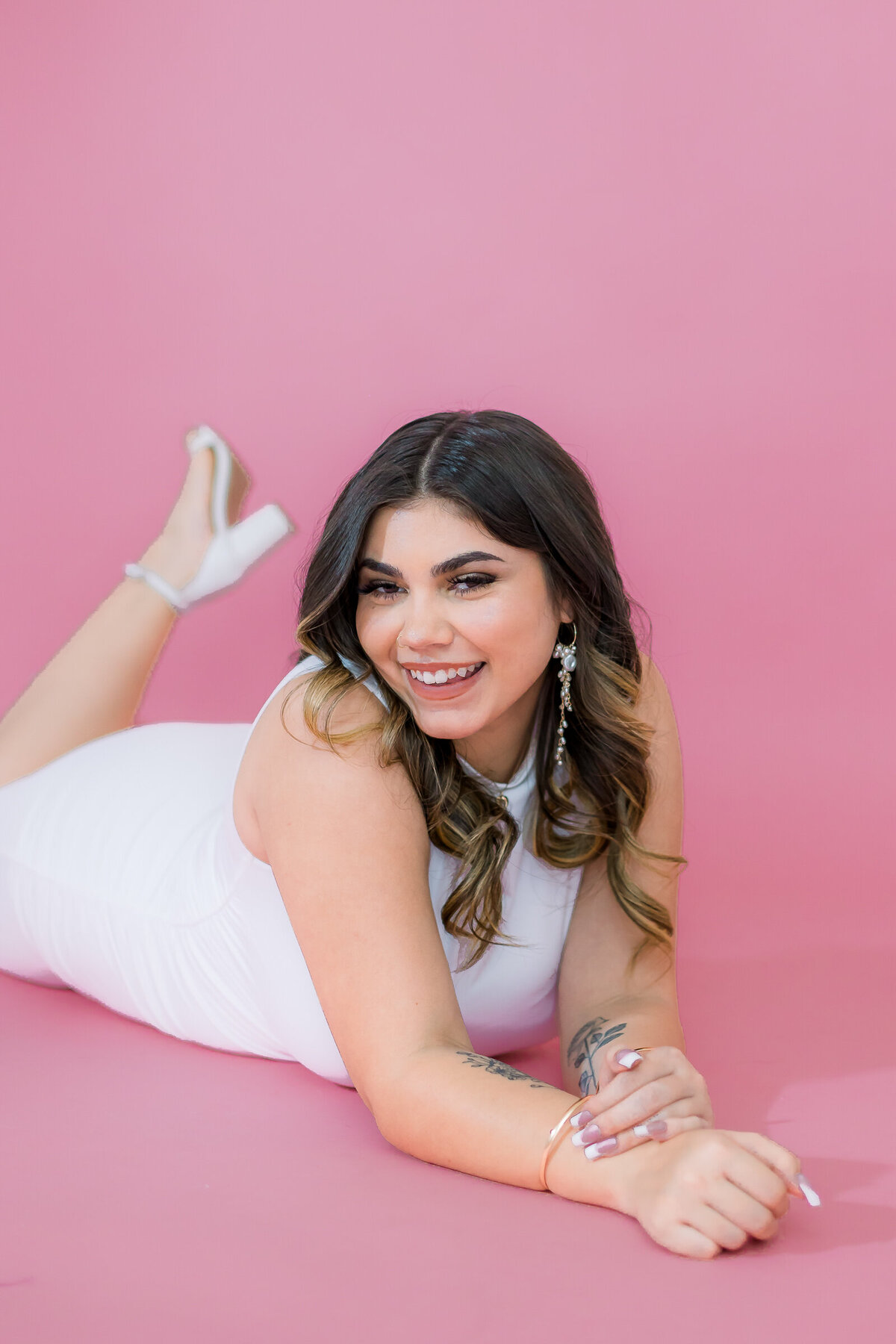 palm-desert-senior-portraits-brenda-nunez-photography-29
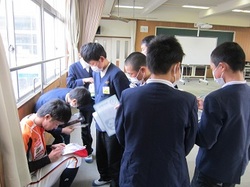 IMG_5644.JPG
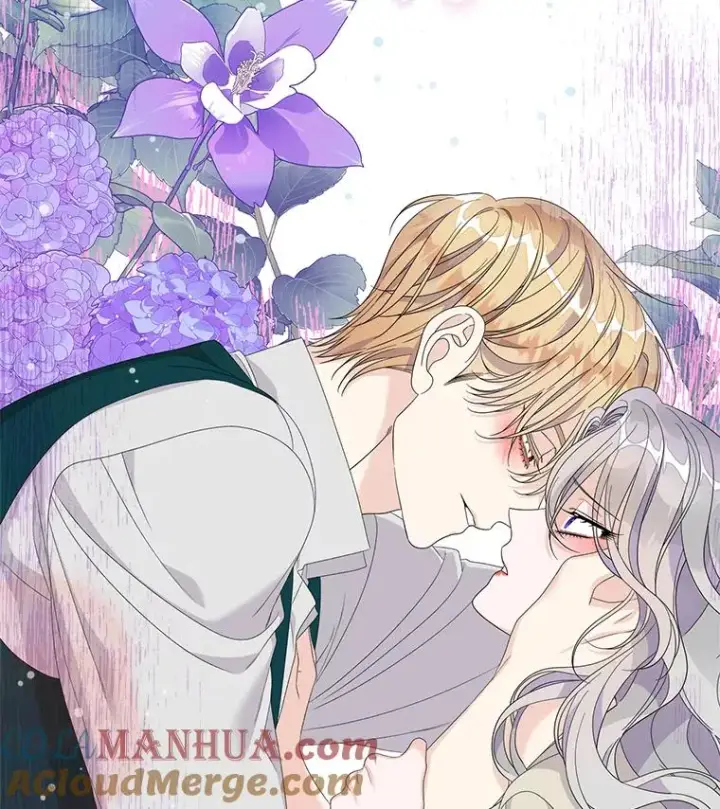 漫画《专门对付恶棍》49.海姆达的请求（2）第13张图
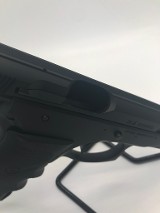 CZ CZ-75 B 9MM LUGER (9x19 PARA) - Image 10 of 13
● ● ●
_GOAL OF THE EXERCISE_
What is needed is an exact copy of the lines from the one with "IMG_5644.JPG" through the end of the data above, both included, minus any pictures.

_EXERCISE SOLUTION_
 IMG_5644.JPG
 漫画《专门对付恶棍》49.海姆达的请求（2）第13张图
 CZ CZ-75 B 9MM LUGER (9x19 PARA) - Image 10 of 13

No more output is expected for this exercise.